In order to set clearer precedent moving forward, the exact distinction between what is categorized as discovery of a natural law versus a man-made invention must be established. Considering the implications of the increasingly murky world of pharmaceutical legislation and the ongoing development in the field of intellectual property law as the use of technology in medicine increases, clear examples need to be established to guide medical-legal decision-making in the future.


[1]: "Athena Diagnostics, Inc. v.

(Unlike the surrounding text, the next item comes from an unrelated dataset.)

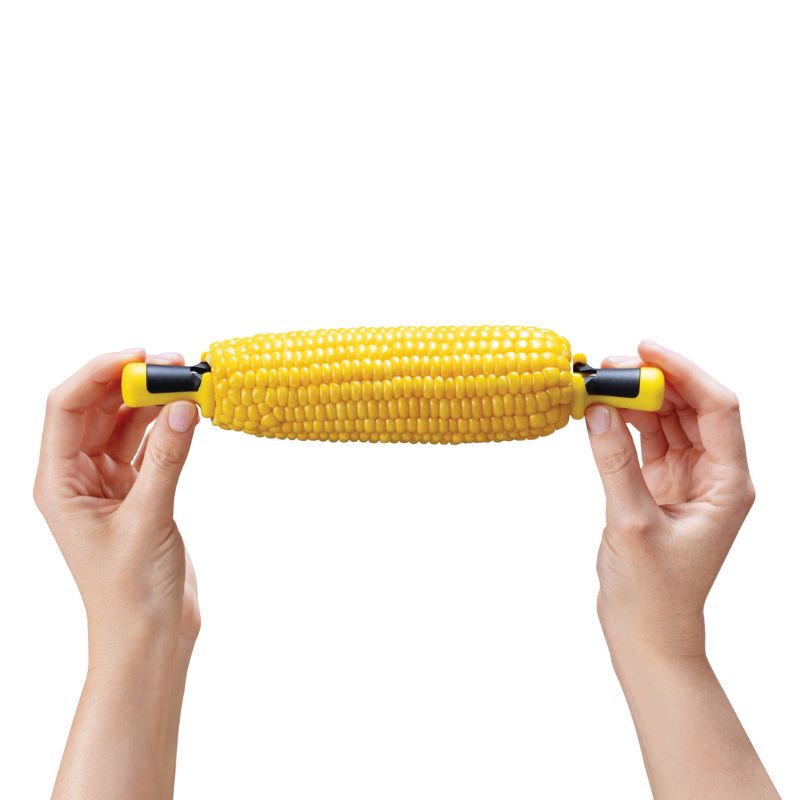Dreamfarm Lockorns corn cob holders showing corn held securely from both ends by two holders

Mayo Collaborative Services." JD Supra. Accessed May 01, 2019.

[2]:"Athena Diagnostics, Inc. v. Mayo Collaborative Services, LLC (Fed. Cir. 2019)." Patent Docs. Accessed May 01, 2019.

[3]: Ibid.

[4]: "What Happens to Diagnostic Method Patents After Athena?" | Patents & Patent Law. March 07, 2019. Accessed May 01, 2019.

[5]: LaSusa, Mike. "Athena Asks Fed. Circ. To Rethink 'Evisceration' Of Patent Law." Law360. Accessed May 01, 2019.

[6]: "Endo Pharmaceuticals Inc. v. Teva Pharmaceuticals USA, Inc. (Fed. Cir. 2019)." JD Supra. Accessed May 01, 2019.

[7]: "Vanda v. West-Ward: This Time, Dosage Adjustment Claims Are Patent Eligible Subject Matter." | Patents & Patent Law. July 10, 2018. Accessed May 01, 2019.

[8]: Ibid.

[9]: Ibid.

[10]: "Mayo Collaborative Services v. Prometheus Laboratories, Inc." Oyez. Accessed May 01, 2019.